塗料中に磁性材料の粉末を混入させ、これを用いた塗膜に磁石を作用させて磁性材料の分布を変える事により、図形や模様を形成する方法が知られている。磁性材料を含む塗膜に図形や模様の刻印された磁石を作用させることにより、図形を形成する方法である。均一な塗膜に磁力を作用させることにより、磁力の作用を受けた部分の磁性顔料が移動し、分布が変化したり配向が変わるので他の部分との状態が変わり、図形や模様を形成することができるのである。
例えば特許文献1では、塗膜の塗着一分後の塗膜固形分を70重量%以下にコントロールすることにより、塗膜中の磁性顔料の動きの制約を小さくし、模様を浮き上がらせる方法が開示されている。

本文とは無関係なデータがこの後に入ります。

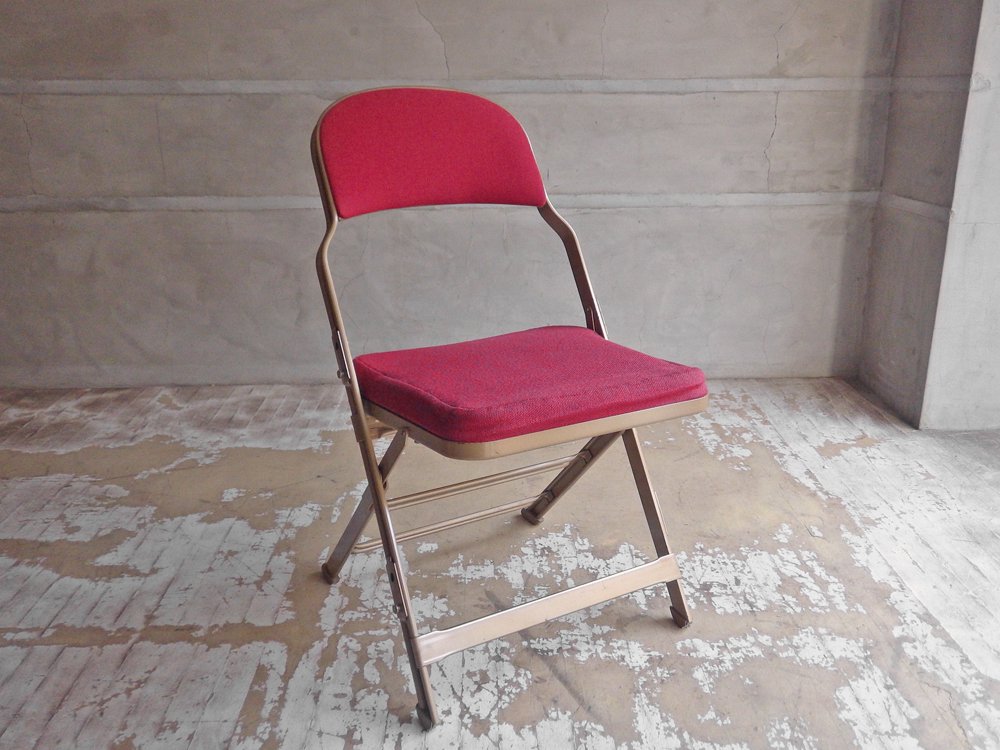 クラリン CLARIN フォールディングチェア 折り畳みチェア Folding chair フルクッション PFS パシフィックファニチャー 取扱 B ♪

しかしこのように塗膜固形分を小さくしたとしても、まだ磁石を作用させる時間が数分間は必要であり、効率よく生産をできないという問題があった。一定面積の図柄の場合はともかく、長尺シート状物の生産には不向きな方法であった。そして長尺シート状物の連続生産を試みた場合、図形や模様の刻印された磁石を一定面積ごとに上下させて、接触と移動とを繰り返す工程などが必要であり、大掛かりでかつ複雑な装置とならざるを得ないという問題があった。
さらに例え連続生産が行えたとしても、一定面積の磁石を用いた繰り返し生産では、どうしても継ぎ目が発生し、長さ方向にスムーズに連続模様を有する長尺シート状物を生産することができない、という問題があった。
特開2003−176452号公報
長さ方向にスムーズに連続した模様を有する長尺シート状物を得ることにある。
発明の長尺シート状物の製造方法は、ラミネート法により長尺シート状物を製造する方法であって、離型紙上に、非球状磁性顔料を含有し、高分子弾性体の濃度が5〜30重量%である高分子弾性体溶液を乾燥前の塗膜の厚さが20〜130μmとなるように塗布し、ラインスピード3〜15m/minの条件にて裏面方向から磁力を有する物体を作用させることにより、模様を形成し、熱風乾燥により乾燥後の厚さ5〜30μmの表皮層とし、その上に接着層を塗布し、離型紙上の表皮層を繊維質基体と貼り合わせ、最後に離型紙を除去することにより、皮革様の長尺シート状物とすることを特徴とする。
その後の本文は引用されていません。